The Middle East is growing more and more unstable
Yasar Yakis/Arab News/January 21, 2024
Israel is today taking revenge on an entire people — the Palestinians. Most of
the victims are innocent children and women. Of all countries, it was South
Africa that took the initiative to bring Israel to the International Court of
Justice, accusing it of having committed genocide. The Gaza crisis has also
opened the floodgates to a new series of crises in the Middle East.
While the Middle East was already in turmoil, the US and the UK attacked the
Houthis and navigation has been severely disturbed in the Red Sea. The
Iranian-supported Houthis took the opportunity offered by the Gaza war and the
Red Sea became an area of confrontation between the US and Iran. As if this were
not enough, Daesh attacked a commemoration ceremony for Qassem Soleimani, the
head of the Islamic Revolutionary Guard Corps’ Quds Force who was killed in an
American drone attack in 2020. Iran responded to these attacks by hitting the
house of a Kurdish businessman in Irbil, claiming that it was an Israeli
espionage center.
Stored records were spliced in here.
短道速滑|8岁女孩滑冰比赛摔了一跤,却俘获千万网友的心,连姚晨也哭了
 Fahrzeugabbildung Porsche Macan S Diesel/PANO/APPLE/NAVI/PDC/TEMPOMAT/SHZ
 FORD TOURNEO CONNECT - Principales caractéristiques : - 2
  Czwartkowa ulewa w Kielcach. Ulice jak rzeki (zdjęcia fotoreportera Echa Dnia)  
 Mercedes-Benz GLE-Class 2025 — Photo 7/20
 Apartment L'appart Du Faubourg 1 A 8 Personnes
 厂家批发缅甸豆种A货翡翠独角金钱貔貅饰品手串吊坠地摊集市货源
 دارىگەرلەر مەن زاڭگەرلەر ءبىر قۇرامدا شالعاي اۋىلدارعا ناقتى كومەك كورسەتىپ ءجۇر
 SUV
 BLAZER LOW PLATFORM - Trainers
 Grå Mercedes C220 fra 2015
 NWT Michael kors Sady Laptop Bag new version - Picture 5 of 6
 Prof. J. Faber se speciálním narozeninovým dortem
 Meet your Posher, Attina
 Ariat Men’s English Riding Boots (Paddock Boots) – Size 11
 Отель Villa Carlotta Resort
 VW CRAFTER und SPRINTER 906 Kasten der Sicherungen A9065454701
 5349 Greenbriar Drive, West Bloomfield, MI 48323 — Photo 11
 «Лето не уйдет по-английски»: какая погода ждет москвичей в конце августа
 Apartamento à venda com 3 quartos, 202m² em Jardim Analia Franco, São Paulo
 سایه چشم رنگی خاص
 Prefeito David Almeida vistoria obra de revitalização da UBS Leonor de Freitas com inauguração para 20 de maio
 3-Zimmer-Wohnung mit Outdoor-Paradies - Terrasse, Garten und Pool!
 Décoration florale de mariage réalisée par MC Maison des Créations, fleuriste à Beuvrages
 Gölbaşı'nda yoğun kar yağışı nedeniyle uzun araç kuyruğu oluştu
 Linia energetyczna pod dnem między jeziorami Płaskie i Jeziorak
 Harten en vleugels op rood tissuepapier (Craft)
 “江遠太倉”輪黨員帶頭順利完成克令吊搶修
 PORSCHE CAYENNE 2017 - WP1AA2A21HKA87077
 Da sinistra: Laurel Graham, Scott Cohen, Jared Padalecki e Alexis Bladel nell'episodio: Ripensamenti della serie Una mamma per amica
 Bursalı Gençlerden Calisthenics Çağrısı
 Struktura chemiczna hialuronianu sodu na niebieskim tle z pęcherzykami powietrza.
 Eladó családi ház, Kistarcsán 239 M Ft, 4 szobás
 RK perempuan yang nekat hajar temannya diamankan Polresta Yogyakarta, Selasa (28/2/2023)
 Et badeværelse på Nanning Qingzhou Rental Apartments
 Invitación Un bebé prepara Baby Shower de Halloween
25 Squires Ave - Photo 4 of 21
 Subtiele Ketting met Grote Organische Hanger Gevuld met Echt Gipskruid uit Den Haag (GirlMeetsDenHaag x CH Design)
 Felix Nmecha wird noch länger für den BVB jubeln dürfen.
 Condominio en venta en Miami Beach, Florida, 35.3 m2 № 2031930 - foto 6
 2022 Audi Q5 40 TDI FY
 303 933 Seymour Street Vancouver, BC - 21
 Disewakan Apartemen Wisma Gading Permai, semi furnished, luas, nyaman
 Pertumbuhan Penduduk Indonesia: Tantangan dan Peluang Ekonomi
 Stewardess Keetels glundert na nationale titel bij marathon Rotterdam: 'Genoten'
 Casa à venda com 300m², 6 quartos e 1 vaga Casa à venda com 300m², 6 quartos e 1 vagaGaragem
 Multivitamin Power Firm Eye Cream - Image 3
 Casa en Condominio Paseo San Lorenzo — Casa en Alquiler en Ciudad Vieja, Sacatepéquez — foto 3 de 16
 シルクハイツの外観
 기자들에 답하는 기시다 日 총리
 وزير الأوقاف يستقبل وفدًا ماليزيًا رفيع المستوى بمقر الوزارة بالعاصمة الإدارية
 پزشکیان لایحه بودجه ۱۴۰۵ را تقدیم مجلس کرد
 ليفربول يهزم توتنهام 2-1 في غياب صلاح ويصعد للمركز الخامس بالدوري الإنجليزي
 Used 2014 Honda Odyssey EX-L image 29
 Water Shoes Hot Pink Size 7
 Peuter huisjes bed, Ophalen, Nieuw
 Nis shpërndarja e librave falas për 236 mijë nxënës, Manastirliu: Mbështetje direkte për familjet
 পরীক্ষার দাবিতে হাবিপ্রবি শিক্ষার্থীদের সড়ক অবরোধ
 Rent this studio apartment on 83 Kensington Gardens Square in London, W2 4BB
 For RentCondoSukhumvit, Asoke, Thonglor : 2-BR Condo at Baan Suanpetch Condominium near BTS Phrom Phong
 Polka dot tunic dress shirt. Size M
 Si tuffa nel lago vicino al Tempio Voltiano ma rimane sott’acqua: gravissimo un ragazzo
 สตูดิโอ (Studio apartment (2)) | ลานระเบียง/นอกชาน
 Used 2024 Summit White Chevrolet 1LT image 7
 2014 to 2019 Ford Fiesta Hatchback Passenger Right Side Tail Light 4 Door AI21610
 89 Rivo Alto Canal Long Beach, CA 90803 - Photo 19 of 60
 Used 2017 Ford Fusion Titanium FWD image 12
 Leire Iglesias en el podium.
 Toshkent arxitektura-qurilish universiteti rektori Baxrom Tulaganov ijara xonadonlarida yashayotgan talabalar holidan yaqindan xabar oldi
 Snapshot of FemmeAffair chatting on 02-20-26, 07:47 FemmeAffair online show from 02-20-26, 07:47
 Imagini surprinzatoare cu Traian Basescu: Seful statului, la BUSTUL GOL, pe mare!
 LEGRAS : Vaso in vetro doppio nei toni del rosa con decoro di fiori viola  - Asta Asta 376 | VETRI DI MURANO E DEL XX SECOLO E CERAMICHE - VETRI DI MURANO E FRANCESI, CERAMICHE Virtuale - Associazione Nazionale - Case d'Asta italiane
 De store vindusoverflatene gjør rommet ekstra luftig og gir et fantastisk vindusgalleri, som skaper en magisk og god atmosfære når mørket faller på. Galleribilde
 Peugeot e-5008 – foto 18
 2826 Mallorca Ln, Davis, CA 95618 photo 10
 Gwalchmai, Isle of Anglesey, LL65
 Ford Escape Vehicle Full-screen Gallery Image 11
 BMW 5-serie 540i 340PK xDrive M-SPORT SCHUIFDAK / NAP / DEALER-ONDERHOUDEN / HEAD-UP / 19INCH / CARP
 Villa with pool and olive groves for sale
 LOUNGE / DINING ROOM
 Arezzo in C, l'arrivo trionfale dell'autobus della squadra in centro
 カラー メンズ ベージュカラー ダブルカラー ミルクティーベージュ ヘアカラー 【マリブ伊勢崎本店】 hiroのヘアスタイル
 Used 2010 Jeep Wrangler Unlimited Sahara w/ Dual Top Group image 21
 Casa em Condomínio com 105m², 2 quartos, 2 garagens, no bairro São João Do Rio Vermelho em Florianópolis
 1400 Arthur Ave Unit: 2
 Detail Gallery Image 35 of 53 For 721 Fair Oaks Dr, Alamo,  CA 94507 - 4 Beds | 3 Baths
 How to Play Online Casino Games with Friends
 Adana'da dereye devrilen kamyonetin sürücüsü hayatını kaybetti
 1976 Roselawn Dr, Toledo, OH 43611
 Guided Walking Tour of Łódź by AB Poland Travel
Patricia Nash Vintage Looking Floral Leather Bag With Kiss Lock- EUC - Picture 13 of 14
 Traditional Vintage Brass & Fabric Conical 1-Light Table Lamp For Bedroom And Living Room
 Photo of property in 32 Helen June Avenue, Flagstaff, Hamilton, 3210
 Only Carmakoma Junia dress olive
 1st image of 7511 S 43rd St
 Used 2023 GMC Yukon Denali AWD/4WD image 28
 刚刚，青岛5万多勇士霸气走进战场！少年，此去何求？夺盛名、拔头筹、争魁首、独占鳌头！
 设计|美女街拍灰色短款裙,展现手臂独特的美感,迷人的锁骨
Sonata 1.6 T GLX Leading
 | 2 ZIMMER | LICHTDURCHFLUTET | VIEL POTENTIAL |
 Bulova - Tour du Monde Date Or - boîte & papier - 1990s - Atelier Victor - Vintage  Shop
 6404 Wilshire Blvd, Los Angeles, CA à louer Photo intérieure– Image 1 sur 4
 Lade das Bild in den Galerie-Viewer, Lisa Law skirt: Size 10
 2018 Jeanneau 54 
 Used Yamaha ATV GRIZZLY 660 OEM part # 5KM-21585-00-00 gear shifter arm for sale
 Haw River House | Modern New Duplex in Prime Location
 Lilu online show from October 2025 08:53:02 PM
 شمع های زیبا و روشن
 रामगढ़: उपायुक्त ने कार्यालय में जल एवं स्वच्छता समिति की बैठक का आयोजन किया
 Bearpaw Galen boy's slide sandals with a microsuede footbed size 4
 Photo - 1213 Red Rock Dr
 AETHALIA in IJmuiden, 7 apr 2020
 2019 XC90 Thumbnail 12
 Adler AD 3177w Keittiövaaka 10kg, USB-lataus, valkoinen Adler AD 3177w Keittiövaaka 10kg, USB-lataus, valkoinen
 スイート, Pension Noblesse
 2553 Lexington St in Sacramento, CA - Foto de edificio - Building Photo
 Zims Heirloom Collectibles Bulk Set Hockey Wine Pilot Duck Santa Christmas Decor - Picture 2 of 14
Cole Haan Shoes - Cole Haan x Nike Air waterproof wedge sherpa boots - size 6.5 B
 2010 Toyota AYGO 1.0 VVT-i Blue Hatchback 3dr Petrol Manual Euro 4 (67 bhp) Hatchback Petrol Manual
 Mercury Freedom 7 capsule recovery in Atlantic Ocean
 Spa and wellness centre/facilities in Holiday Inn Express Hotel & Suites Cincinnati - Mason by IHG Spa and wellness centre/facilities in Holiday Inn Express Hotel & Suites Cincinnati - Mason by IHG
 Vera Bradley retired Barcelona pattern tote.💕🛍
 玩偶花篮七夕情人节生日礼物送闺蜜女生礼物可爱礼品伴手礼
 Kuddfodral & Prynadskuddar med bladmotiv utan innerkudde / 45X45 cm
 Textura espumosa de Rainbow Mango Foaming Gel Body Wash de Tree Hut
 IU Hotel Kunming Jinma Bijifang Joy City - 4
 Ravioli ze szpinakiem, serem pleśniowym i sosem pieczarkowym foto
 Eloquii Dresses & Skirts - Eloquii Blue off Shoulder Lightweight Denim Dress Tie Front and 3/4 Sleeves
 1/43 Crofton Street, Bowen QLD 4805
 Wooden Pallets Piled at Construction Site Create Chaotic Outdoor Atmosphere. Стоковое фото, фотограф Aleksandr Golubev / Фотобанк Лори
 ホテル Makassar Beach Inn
It also attacked a medical clinic in Idlib in northern Syria.
All these things are intriguing because Daesh, an organization that the
transatlantic community is eager to eliminate, has attacked the enemies of these
countries. The risk of escalation is going up and nobody knows who is whose
enemy.
Turkiye is squeezed in between these problems. To begin with, it is fighting
with terrorists, not with terror. Fighting terror requires a more sophisticated
mechanism. It moved beyond its borders the terrain on which terror was going to
be fought, but doing so limited Turkiye’s freedom of action, because it is now
fighting terror in a hostile environment, in Syria and Iraq. Recent attacks on
the Turkish-Iraqi border caused the death of more than a dozen Turkish soldiers.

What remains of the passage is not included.